Eviction is a form of bereavement. To be robbed of ordinary expectancies, however humble, and however they came to be. Nine hundred more of our Vermont neighbors are now confronting this as the state evicts them from motels. Our neighbors join others already without shelter for other reasons.
In other situations where displacement of this scale occurs (though I say one is too many), gymnasiums would open to provide temporary shelter. "Vermont Strong" plates would appear on cars.
According to Gloria Anzaldúa, one of my favorite queer writers, we find ourselves in Nepantla (a Nahuatl concept) when circumstances collapse the sense we have previously made of ourselves and the world.
This liminal space can be pregnant with potential for new understanding yet incredibly painful. Unkind remarks, acts of scrutiny, and aversions of gaze - each makes for an additional bereavement, as does every communication of "This town is not your home," "You do not belong here," or "You must have come to Vermont just for a motel voucher."
(The latter is a common myth. Research shows that there is insufficient evidence for it, and that many voucher recipients who report most recently living out-of-state are returning Vermonters who ran into hardship while living elsewhere. See the Sept. 6 article in VTDigger.org, "Is Vermont's motel program a magnet for out-of-staters experiencing homelessness?")
By and large, the issue facing us is not only whether people in our villages and towns have or lack places to live. It is also about whether we are able to look into one another's eyes and see a place for ourselves in our communities. All of ourselves, including our backstories, our dreams, our grief, our perspectives, and our embodied needs.
Try saying it aloud to see how it feels: This is more than a housing issue. This is an issue of home.
Nepantla leaves us exposed and vulnerable. At times like this, the instinct is sometimes to close up. I was numb for a long time because of the memories that the Brattleboro-is-now-unsafe narrative brought up in me. It took a while for me to get out the words I am writing now.
We are towns - a state - in Nepantla. Our beings and the possibilities wide open.
* * *
Recently, for the first time in my life, I visited a ski resort: Mount Snow, which was hosting the Vermont Wildlife Festival. On the mountainside graced by changing leaves sat condo upon vacant condo awaiting skiers to flock in.

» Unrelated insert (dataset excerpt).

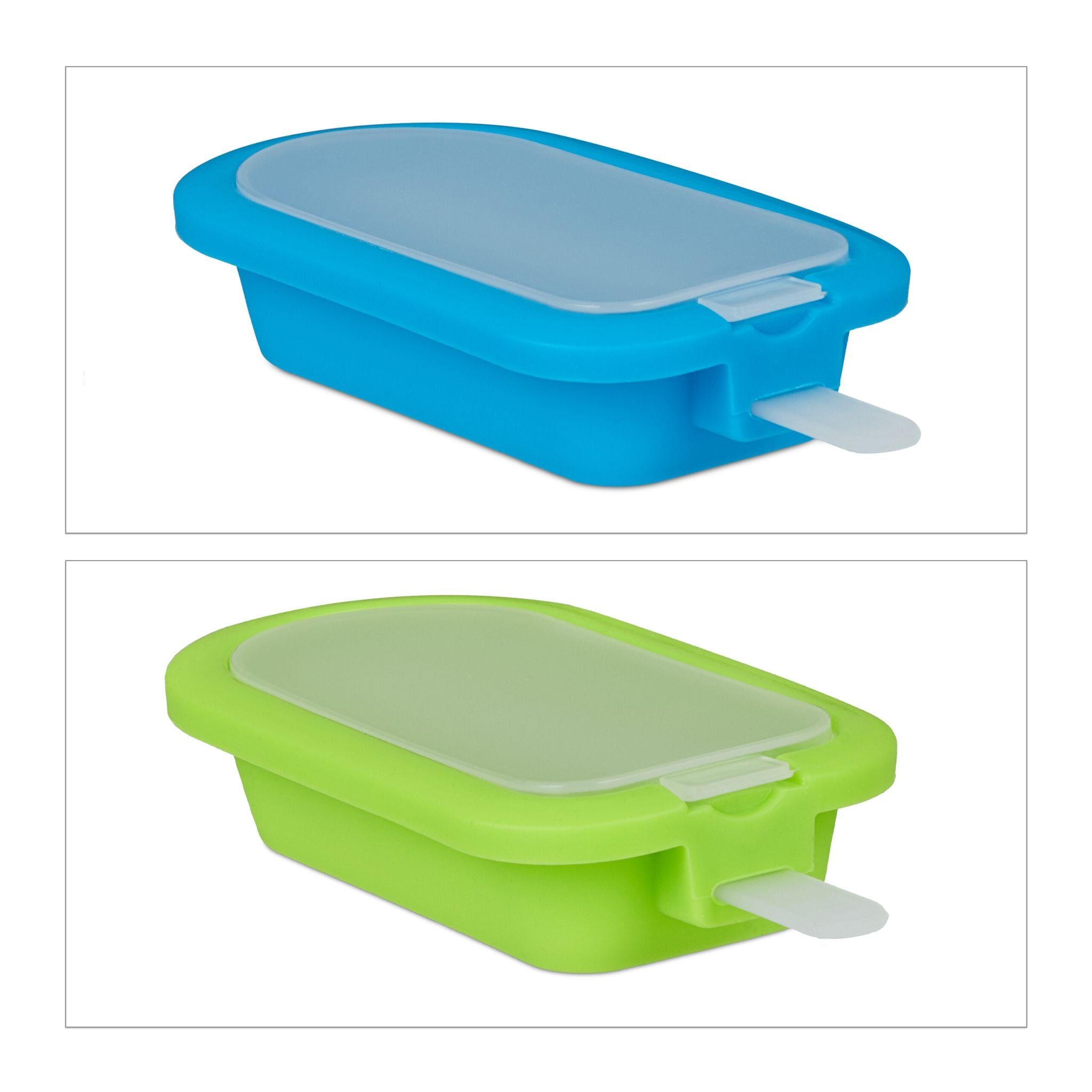 Eisformen 10er-Set Silikon Blau-Grün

Many of us complain about second-homers and tourists. A common complaint is that people who do not know, and who may never know, Vermont are wielding power over what happens in the state.
If knowing Vermont and having a say should go hand in hand, I would say it is time to turn our ears to the nepanterlas and nepanterlos of Vermont: those among us who know Vermont quite literally from ground level - the ground that some spit upon and everyone treads with dirty soles.

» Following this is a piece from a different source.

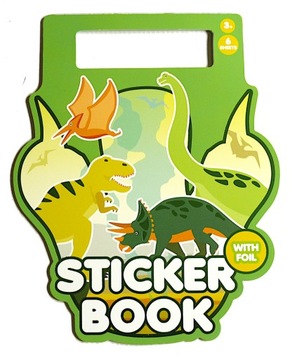 DINOZAURY - MINI KSIĄŻECZKA Z NAKLEJKAMI - NAKLEJKI ok. 100 sztuk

As I was visiting Dover, a Margaret MacArthur song about the town began repeating itself in my head.
You gotta back way up, you gotta start all over
Gotta make ends meet on the hills of Dover
My friend who taught me the song explained that the chorus refers to a plow going over oft-impenetrable soil at high altitude. Each time a plow hits rock, a farmer must back the plow up and start over.

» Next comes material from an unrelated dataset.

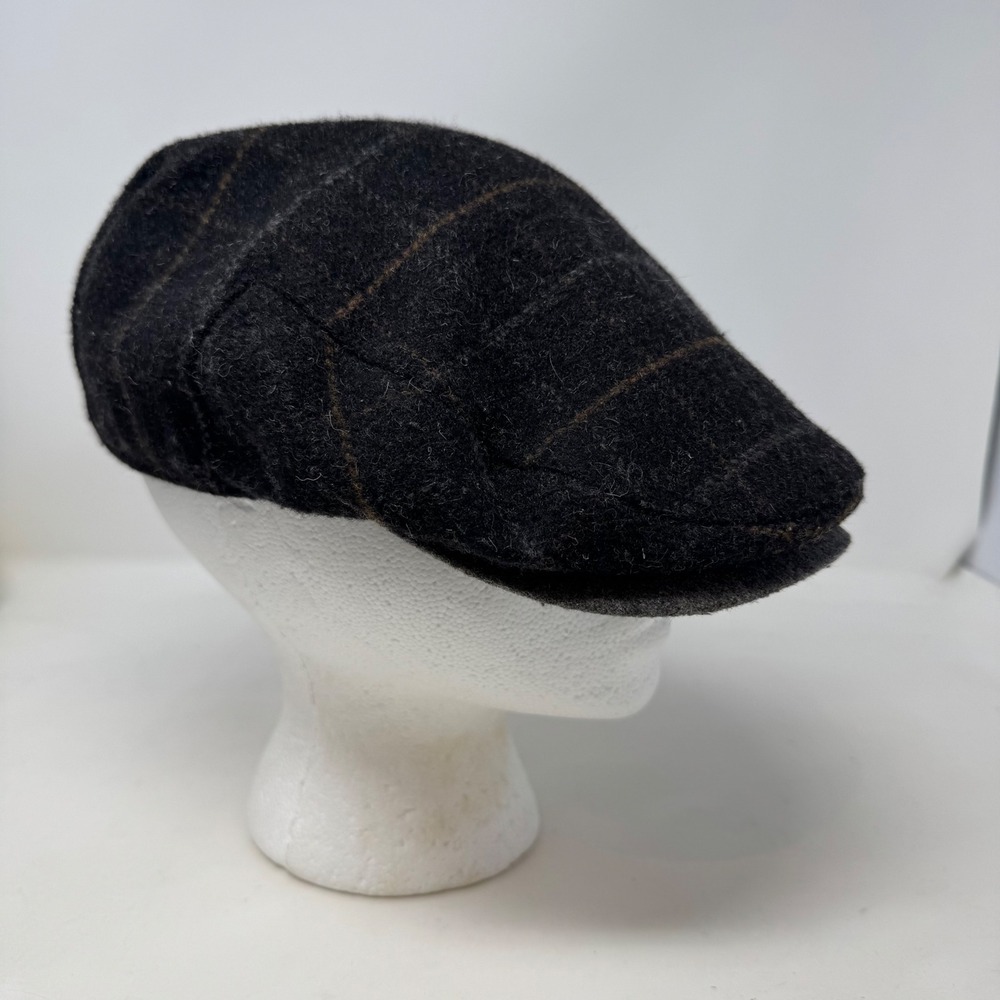 Stetson Black Wool Newsboy Cap with Brown Windowpane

Practicing agriculture in mountain towns takes grit. So does contending with issues of home in a rural state where our greatest resource is one another.
Beloved Vermont: You, like your farmers and your displaced and unsheltered people, know about having to back up and start over. If we must do that - logistically, attitudinally - it wouldn't be a first.
All the grit and wisdom we need is already with us.
This Voices Viewpoint was submitted to The Commons.